Wednesday, August 23, 2006

painting portraits

This posting is a real gamble for me. It means I must commit to following through to completion and I must try to make progress in a logical order. I don't do well with either one on large paintings. I struggle, scrape, wipe off, fiddle with details, change background colors, draw, re-draw and hopefully end up with a painting. This time I am hoping my daily painting practice has built in some better habits.

This will be a 36"x36" oil portrait of my daughter and her husband. I am drawing in charcoal. It is easy to make changes with charcoal and it allows you to build up the values slowly.
This portrait will be done from photographs I have taken.
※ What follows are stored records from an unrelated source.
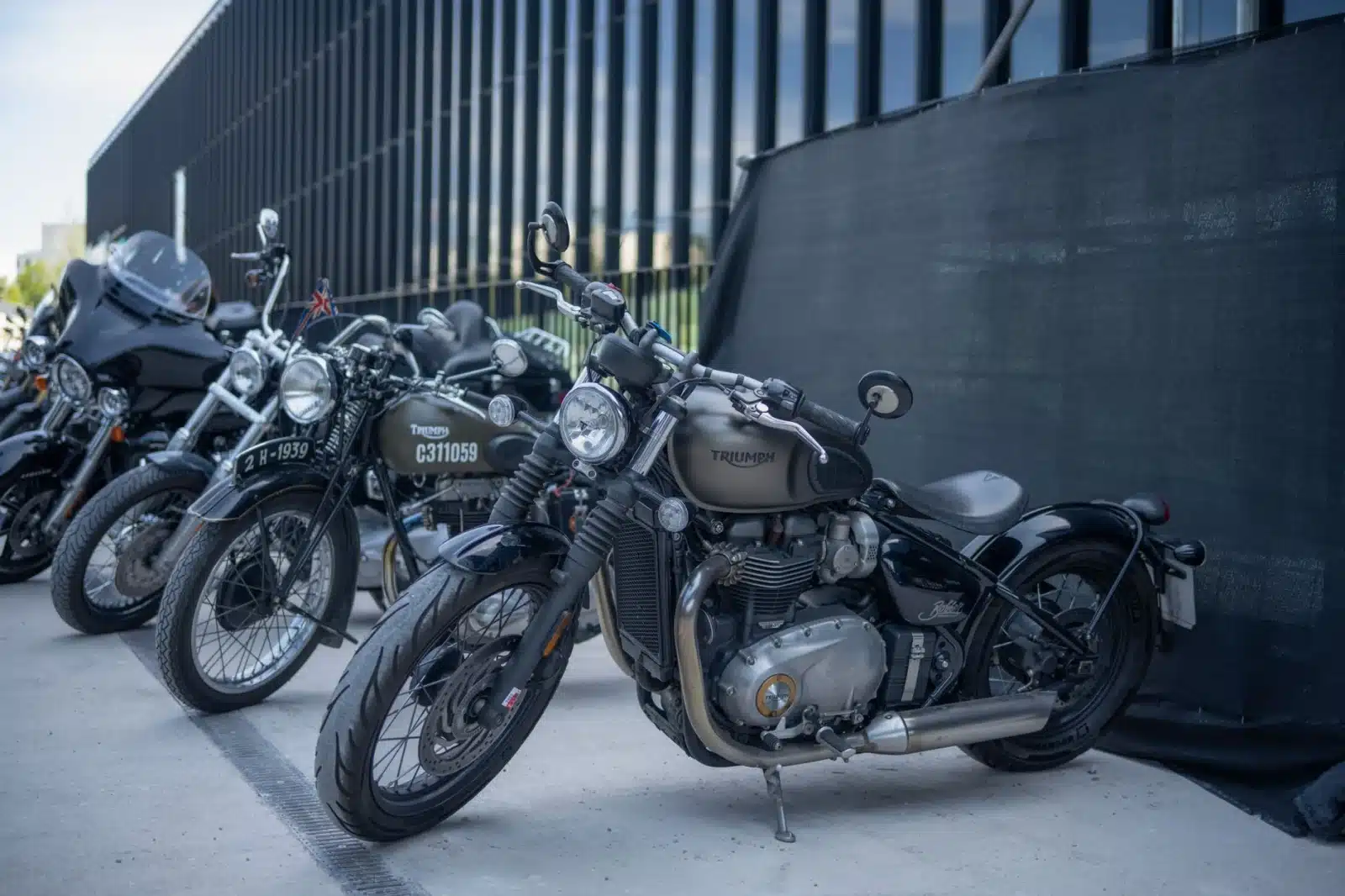 Lineup of Triumph motorcycles parked outdoors with modern architecture backdrop.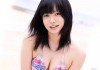 みなみ愛梨が反り返ったチンポを金玉の方から舐め上げる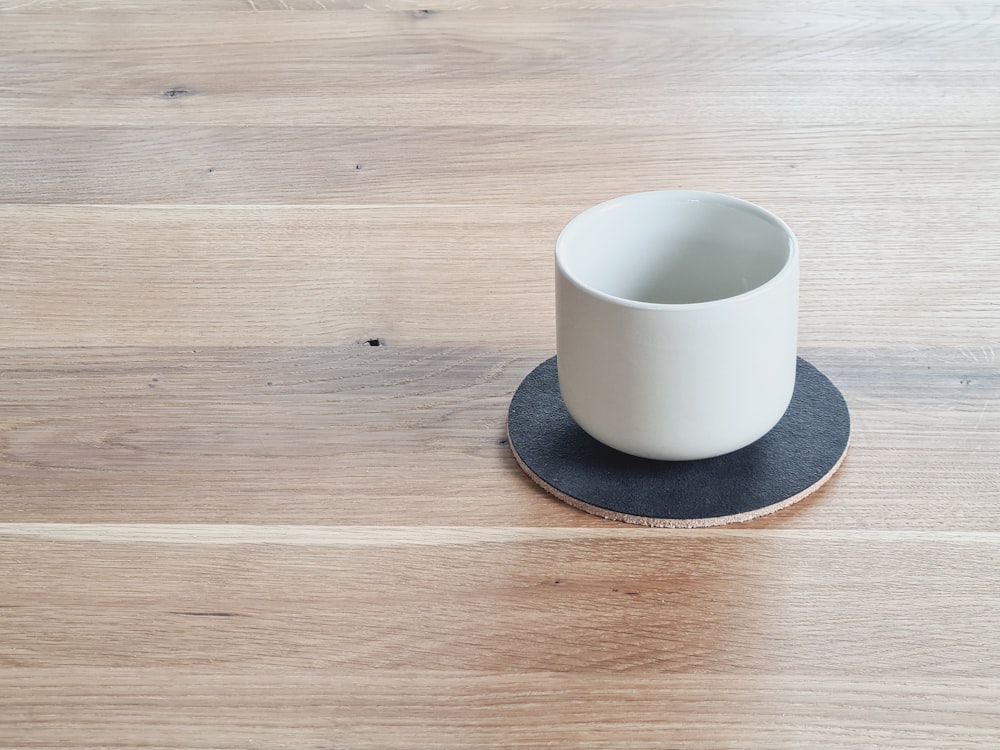 una tazza bianca seduta sopra un tavolo di legno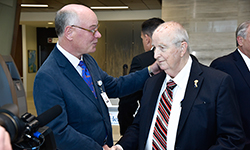 Image: Drewa speaks with Daniel R. Wilson, MD, PhD, during the Feb. 25 atrium naming ceremony. Wilson is dean of the University of Florida College of Medicine – Jacksonville.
We went through 3 separate photo sessions before finding the right setting, pose and composition.
I work from a computer screen for the most part. I can zoom in and around the photo, change it to black and white even edit. Amazing technology. But in the end it is the painting that I concentrate on. I try not to copy every wrinkle or every detail in the photo. It is a great tool , but it has pitfalls. You must look out for color distortion, foreshortening, and loss of depth. The most important thing to keep in your mind is that the camera freezes an image in a fraction of a second in time. When painting from life, an artist is making choices and interpreting what he or she sees over a period of time. It may sound funny, but I think Time is the most important ingredient an artist adds to a painting.

4 comments:

mick mcginty said...

Peter,
This one will be fun to watch. Thanks for taking the time to post these progressions. The people watching you, like me can learn alot.
Your work has been amazing to folloe. Strong compositions, great color control, and my favorite aspect of how you paint is the active brushwork and shimmering quality to the surface. Very realistic imprssion, but undeniably painterly. Just so fun to look at up close to see the artistry, and then back up and enjoy the presence of the object.

Mick McGinty

mick mcginty said...

I forgot to mention. Thank you for putting my link on your page, I'll be putting a link to yours on mine.

Mick

Darren Maurer said...

Peter,
This will be a really nice piece. It is interesting to see the progression of the painting as you work on it. Thanks.
Darren

Ed Terpening said...

I look forward to seeing this one progress and for your honesty in posting as you go. You lay yourself bare, don't you? I was thinking about that today as I ordered my paintings for the Estes Park Plein Air show this weekend--what if a collector sees this, and they buy one at the end of the list? Art is so subjective, even to the creator. I think there's a home for (almost) every paiting.